160. SML has assumed the management of Zone and Shakedown, including by employing Zakarin and Goldstein in high level exectuve positions with Defendant SML.
Defendants argue that the eighth cause of action must be dismissed because defendants SML and Aimee Lynn did not in the context of the foreclosure sale formally assume the debt of Zone and Shakedown.
Plaintiff disputes that a formal assumption of the debt is a necessary element and argues that there was an Nimplied' assumption of debt, (¶ 151 of Complaint).
The general rule is that a corporation that purchases the assets of another corporation does not thereby become liable for the tort or the breach of contract of the seller corporation. Schumacher v. Richards Shear Co., 59 NY2d 239 (1983). There are exceptions to this general rule, such as, where "there was a consolidation or merger of seller and purchaser, ..." Schumacher v. Richards Shear Co., supra at 245. Even absent a formal merger, where one corporation buys the assets of another, a "de facto" merger will be found
if the following factors are present: (1) continuity of ownership; (2) cessation of ordinary business operations and the dissolution of the selling corporation as soon as possible after the transaction; (3) the buyer's assumption of the liabilities ordinarily necessary for the uninterrupted continuation of the seller's business; and (4) continuity of management, personnel, physical location, assets and general business operation (citation omitted).
In re New York City Asbestos Litig., 15 AD3d 254, 256 (1st Dep't 2005).
The Court, however, also noted that "the first factor (continuity of ownership) has recently been held to be essential to a de facto merger finding" Id at 258, citing Cargo Partner AG v. Albantrans, Inc. 352 F3d 41, 46-47 (2nd Cir 2003); see also, Kretzmer v. Firesale Prods. Corp, 24 AD3d 158 (1st Dep't 2005). Although plaintiff has alleged in a conclusory fashion that "SML and Aimee Lynn are mere continuations of Defendants Zone and Shakedown" (¶ 152 of the Complaint) and that "[t]he former owners of Zone and Shakedown became employees and managers of SML" (¶ 158 of the Complaint), there is no specific allegation of continuity of ownership. Without that showing which is the "essence" of a de facto merger (see. Cargo Partner AG v. Albantrans, Inc., supra at 46; Nolan Miller v. Forge Mench Partnership, Ltd., supra at *7), there can be no finding of a de facto merger.
Accordingly, the motions are granted only to the extent of dismissing the eighth cause of action alleging successor liability as to SML and alter ego liability as to defendant Aimee Lynn.
The motions are otherwise denied.
The defendants shall serve their answers to the Verified Complaint (except the eight cause of action) within 20 days of service upon them of a copy of this order with notice of entry.
All counsel are directed to appear for a conference in IA Part 39, 60 Centre Street, Room 208 on June 10, 2009 at 10:00 a.m. in order to schedule discovery.

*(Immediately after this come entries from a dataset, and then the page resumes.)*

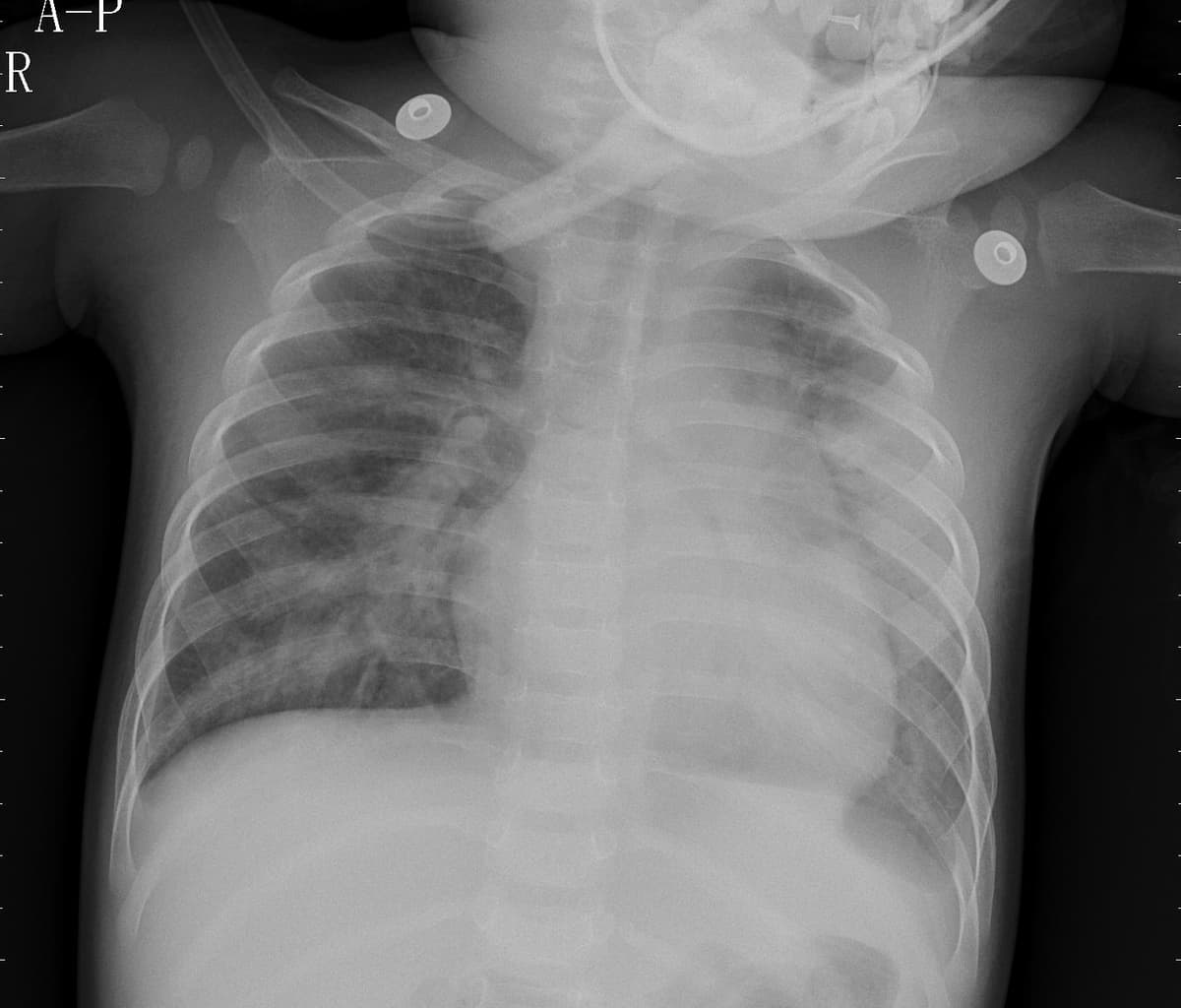 Pneumonia — NIH Chest X-ray14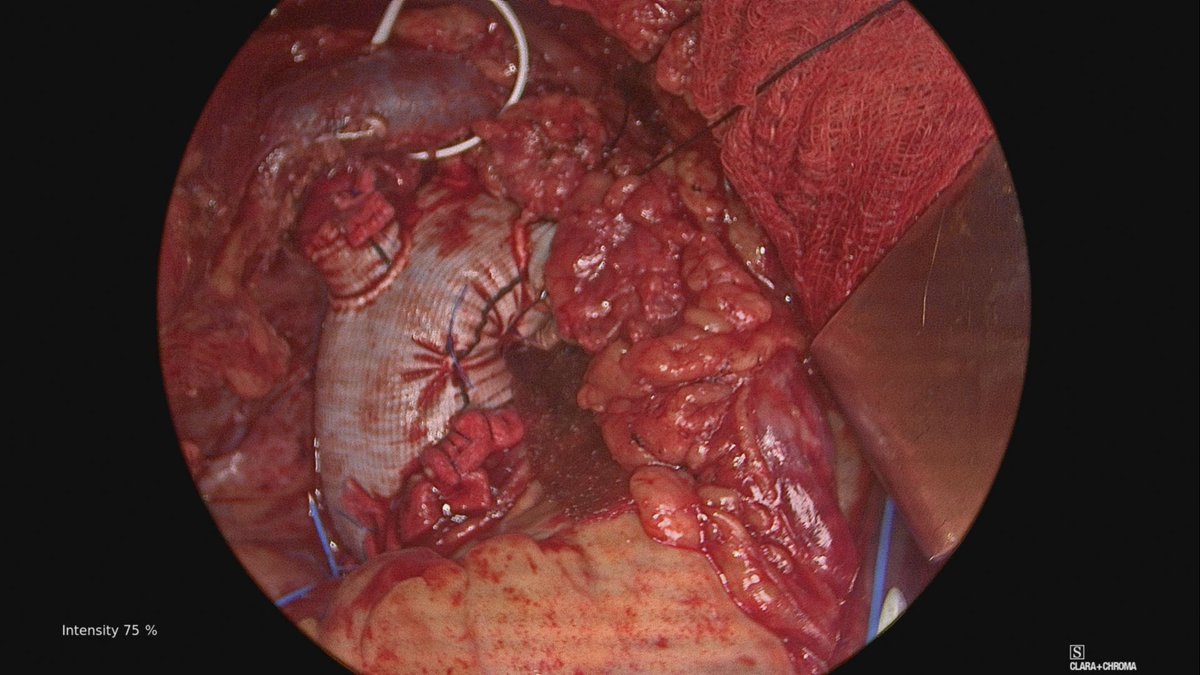 JHH Vascular Surgery (@jhhvascular) on Twitter photo Thoraflex time! Always great to collaborate with our CT colleagues <a href="/HopkinsCTSurg/">Johns Hopkins Cardiothoracic Surgery</a>!
Who routinely extends the #thoraflex distally? #aortaed #aorticdissection Thoraflex time! Always great to collaborate with our CT colleagues <a href="/HopkinsCTSurg/">Johns Hopkins Cardiothoracic Surgery</a>!
Who routinely extends the #thoraflex distally? #aortaed #aorticdissection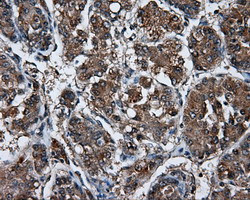 LIPG Antibody in Immunohistochemistry (Paraffin) (IHC (P))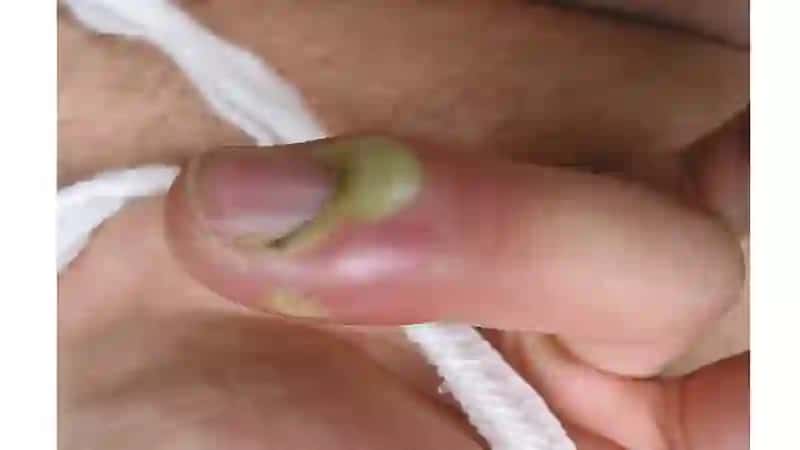 Seroz bòshliqlarning yiringli kasalliklari davolash minimal invaziv 4
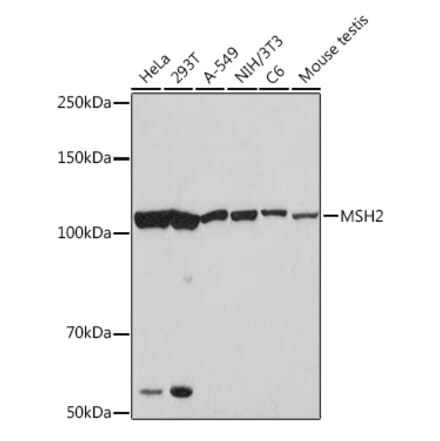 Western Blot - Anti-MSH2 Antibody [ARC1285] (A307085) - Antibodies.com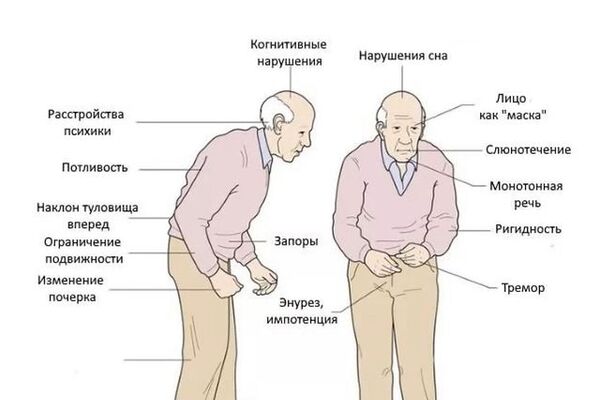 Паркинсонизм.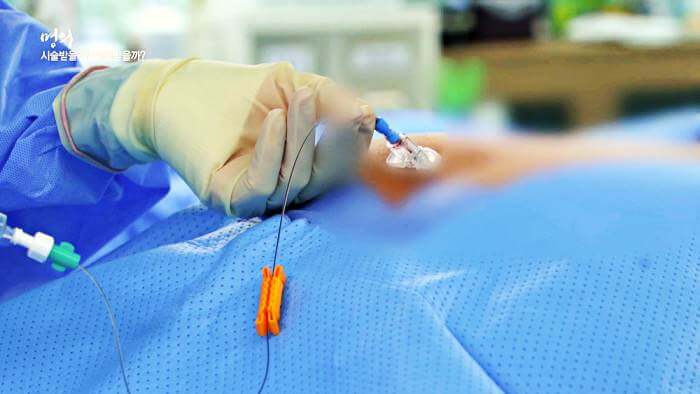 척추관협착증-추간판탈출증-허리통증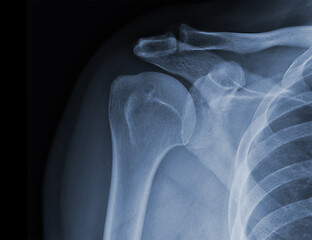 Image showing X-ray shoulder radiograph show state of injury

This constitutes the decision and order of this Court.
Interasian designs and produces customized accessories and promotional and packaging needs. Shakedown designs, distributes, markets and sells accessories. Zone is a designer and distributor of handbags, backpacks, and small leather goods and at least until the Conveyance Transactions discussed infra, held a license with Paris Hilton.